The Army has developed a new hand grenade that kills by using blast overpressure instead of fragments when it explodes, which Army officials say is more effective for fighting in close-quarter urban environments.
Blast overpressure is the rapid high wave of pressure that results from an explosion that violently compresses and decompresses human tissue. It can cause serious injuries to the lungs, gastrointestinal tract, brain, and other organs. It can also be fatal.
The M111 Offensive Hand Grenade, the Army’s first new lethal hand grenade since 1968, has a plastic body that helps direct overpressure, Army officials said. The grenade is meant to be used in confined spaces, such as rooms, bunkers, and caves.
Weighing 12.6 ounces, the M111 will augment the M67 fragmentation hand grenade, which will be used in open spaces, said John Troup with Capability Program Executive Ammunition & Energetics, an Army organization responsible for fielding armaments and ammunition.
Top Stories This Week
Its distinct shape, which resembles a bottle, does not create or direct blast overpressure, Troup told Task & Purpose on Thursday.
“The shape helps soldiers to distinguish the M111 from other grenades,” Troup said in a statement. “As soldiers train and practice with the M111, the shape will help aid muscle memory during extreme time-sensitive and high-dynamic environments.”
Troup said the grenade will first be issued to soldiers in the Army’s Immediate Response Force, which is capable of deploying anywhere in the world within 18 hours. The Army plans to start fielding the grenade to the rest of the services starting in 2028, he said.
Other grenades, such as the M67, spray lethal fragments when they explode, but that shrapnel can be deflected by obstacles within enclosed spaces, an Army news release says. This is less of an issue for grenades that use blast overpressure.
Another issue is that in recent decades, U.S. soldiers have often fought in poorly constructed buildings, making it dangerous to use fragmentation grenades, a retired Army infantry officer told Task & Purpose.

In such buildings, grenade fragments can penetrate walls and potentially hit friendly forces on the other side, the retired officer said. Blast overpressure, on the other hand, is more isolated to the specific room where the weapon explodes.
“One of the key lessons learned from the door-to-door urban fighting in Iraq was the M67 grenade wasn’t always the right tool for the job,” Col. Vince Morris, project manager for Close Combat Systems, said in the Army’s news release. “The risk of fratricide on the other side of the wall was too high. But a grenade utilizing [blast overpressure] can clear a room of enemy combatants quickly leaving nowhere to hide while ensuring the safety of friendly forces.”

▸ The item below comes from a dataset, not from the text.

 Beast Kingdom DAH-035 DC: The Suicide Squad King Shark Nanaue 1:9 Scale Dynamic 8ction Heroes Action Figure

The Army has long been aware of the risks to soldiers from weapons that generate blast overpressure, such as the Carl Gustaf recoilless rifle, and last year the service announced it would study how firing such weapons affects soldiers’ health.
Soldiers are already limited to how many rounds they can fire in a 24-hour period while training with the Carl Gustaf.
Todd Strader, a former Army mortarman who advocates for safety measures from blast overpressure risks, said it is somewhat ironic that the Army is adopting a new grenade that uses overpressure.
“Apparently, blast physics is reliable enough to weaponize against an enemy, but still debated when it is our own troops living among these blasts in training,” Strader, who leads OverPressured LLC, told Task & Purpose. “To their credit, the Army is leading the world in recognizing and taking measures to mitigate this unique exposure.”